At a personal level, would you be willing to pay someone $10,000 a year to keep you and your family under intense surveillance at all times? There are likely some people who would.
I am astounded. This means that Al Gore was only about 8 or 10, when he invented the Internet. He must be a brilliant man, and an expert in weather also. He is my hero. SARCASM OFF
The idea that the military had deployed anything like "the internet" back in the 50's or sixties is pure hokum. The military was funding some very early research which was being carried out by private and public institutions at the time, but there were no secret military "internet" installations. In 1969, ARPANET allowed researchers in MIT to use a semi-trailer sized computer which cost 100's of thousands or more to talk to a few other similarly situated computers.
One of the first ARPANET transmissions was described like this:
"We set up a telephone connection between us and the guys at SRI...," Kleinrock ... said in an interview: "We typed the L and we asked on the phone,
"Do you see the L?"
"Yes, we see the L," came the response.
"We typed the O, and we asked, "Do you see the O."
"Yes, we see the O."
"Then we typed the G, and the system crashed"...
If anyone is interested here's a short history on the beginnings of the internet. History of the Internet & World Wide Web:
All that trouble “sending” a few letters. I wonder how the teletype worked?
“The article tries to justify the taking of DNA information by the government of all citizens, because it closed some old cold case homicides.”
Maybe I missed it, and I’m too lazy to go back and read line-for-line, but I didn’t get that. People with missing relatives are donating DNA, that should be sufficient to ID any bodies, although obviously not to ID their killers.
It is odd that her family didn’t report her missing for decades, what a shame.
RIP poor girl.
Peddle your BS somewhere else. The first Arpanet message was sent in October, 1969 (and the network crashed after the first two letters of the first word were sent). At that time, the 'internet' consisted of four linked machines.
The article tries to justify the taking of DNA information by the government of all citizens, because it closed some old cold case homicides.

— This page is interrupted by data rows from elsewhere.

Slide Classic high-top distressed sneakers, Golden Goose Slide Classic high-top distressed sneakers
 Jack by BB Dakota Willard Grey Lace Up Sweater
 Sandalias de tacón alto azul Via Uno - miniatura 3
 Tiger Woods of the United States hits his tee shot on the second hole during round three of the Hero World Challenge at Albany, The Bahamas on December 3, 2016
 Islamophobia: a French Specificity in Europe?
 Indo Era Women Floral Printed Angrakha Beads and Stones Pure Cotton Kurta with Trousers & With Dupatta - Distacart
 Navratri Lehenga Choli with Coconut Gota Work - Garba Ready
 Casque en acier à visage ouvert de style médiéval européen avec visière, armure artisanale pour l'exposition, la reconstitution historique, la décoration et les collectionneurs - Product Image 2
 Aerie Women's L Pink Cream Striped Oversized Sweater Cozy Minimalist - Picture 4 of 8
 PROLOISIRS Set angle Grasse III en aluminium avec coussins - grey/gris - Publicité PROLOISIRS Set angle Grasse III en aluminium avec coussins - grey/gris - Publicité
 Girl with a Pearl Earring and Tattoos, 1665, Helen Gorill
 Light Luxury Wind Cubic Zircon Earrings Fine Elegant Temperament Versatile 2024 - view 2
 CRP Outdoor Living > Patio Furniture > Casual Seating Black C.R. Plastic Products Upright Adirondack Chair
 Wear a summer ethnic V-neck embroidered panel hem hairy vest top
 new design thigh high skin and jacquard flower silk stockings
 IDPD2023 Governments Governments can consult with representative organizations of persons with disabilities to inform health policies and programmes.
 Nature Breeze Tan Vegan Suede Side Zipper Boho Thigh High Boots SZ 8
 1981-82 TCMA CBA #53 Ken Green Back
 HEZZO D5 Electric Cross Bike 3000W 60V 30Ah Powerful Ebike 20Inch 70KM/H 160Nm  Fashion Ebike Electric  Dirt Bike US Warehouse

Aw, heck, yes. Some people commit crimes, so everyone must be punished. If that kind of thinking was good enough for Stalin, it's good enough for the oligarchs who've destroyed the American republic in all but name and flag.
Um did you forget your sarcasm indicator??? You cannot actually believe that the ‘internet’ existed in the 50s
Britain decided a while back that it had the authority to get DNA samples from all citizens for many reasons. First and foremost to identify criminals, second so they would have a giant database to do medical research and make money.
But the big reason was that they had the technology, it was an easy effort to demand or surreptitiously obtain DNA samples, and no citizens were permitted to refuse.
In the US, twice now, once in Texas and once in California, “DNA roadblocks” have been set up with very dubious authority, to demand mouth swab samples from random citizens. Lots of effort to evasively suggest it was mandatory, and people really had to be stubborn before they were allowed to leave—assuming that the takers were not able to craftily get a sample from their vehicle.
There is some real evil at work here. I wouldn’t go so far as to say Biblical evil; but good old fashioned totalitarian human evil is bad enough.
I don’t know why they don’t catalog the DNA of newborns. Future crime solving would be so much easier if the only traceable evidence was just a strand of hair......
Yes, I agree. I’m sure they could get enough data voluntarily.